La riflessione finale della commissione
«La disamina degli atti porta a una univoca conclusione: la Capitaneria di Livorno, tanto nella fase iniziale dei soccorsi quanto nel momento in cui assunse la direzione delle operazioni il comandante Albanese, non ha valutato l’effettiva gravità della situazione con specifico riferimento al coinvolgimento di una nave traghetto.
Sia perché non sono stati resi disponibili dati utili all’identificazione del traghetto sia per l’incapacità di valutare la situazione, così determinando un’impostazione delle operazioni di soccorso unicamente volte verso la petroliera».

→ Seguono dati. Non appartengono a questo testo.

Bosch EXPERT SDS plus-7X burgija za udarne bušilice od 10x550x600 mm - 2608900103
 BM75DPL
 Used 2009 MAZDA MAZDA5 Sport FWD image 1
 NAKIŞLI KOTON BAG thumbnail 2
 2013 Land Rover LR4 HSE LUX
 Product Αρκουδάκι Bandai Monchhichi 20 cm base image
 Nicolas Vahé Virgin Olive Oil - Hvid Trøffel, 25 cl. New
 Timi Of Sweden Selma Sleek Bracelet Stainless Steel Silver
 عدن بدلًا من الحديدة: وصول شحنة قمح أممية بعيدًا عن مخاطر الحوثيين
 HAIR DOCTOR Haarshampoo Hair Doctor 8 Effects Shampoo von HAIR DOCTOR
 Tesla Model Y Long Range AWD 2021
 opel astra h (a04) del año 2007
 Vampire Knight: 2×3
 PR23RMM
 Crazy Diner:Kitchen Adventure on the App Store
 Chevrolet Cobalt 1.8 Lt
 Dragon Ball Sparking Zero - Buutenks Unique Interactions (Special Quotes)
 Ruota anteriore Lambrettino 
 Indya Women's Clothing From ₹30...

La commissione non riesce neppure a dare una risposta:
«Non è dato comprendere come e per quali motivi il comando della Capitaneria non sia riuscito a correlare l’avvenuta partenza di un’unica nave dal porto con la collisione; né a richiedere informazioni al personale presente sulla torre degli Avvisatori. È di palmare evidenza che se ciò fosse stato fatto si sarebbe tempestivamente apprezzato che l’altro natante coinvolto nella collisione era il Moby Prince».
Da qui la commissione ritiene che l’autorità marittima: «avrebbe – vista la situazione – dovuto valutare la possibilità di un intervento dei mezzi dipendenti dell’alto Comando periferico della Marina», invece – affermano – «durante le prime ore cruciali, prima e dopo il ritrovamento del traghetto, la Capitaneria appare del tutto incapace di coordinare l’azione di soccorso verso il Moby Prince».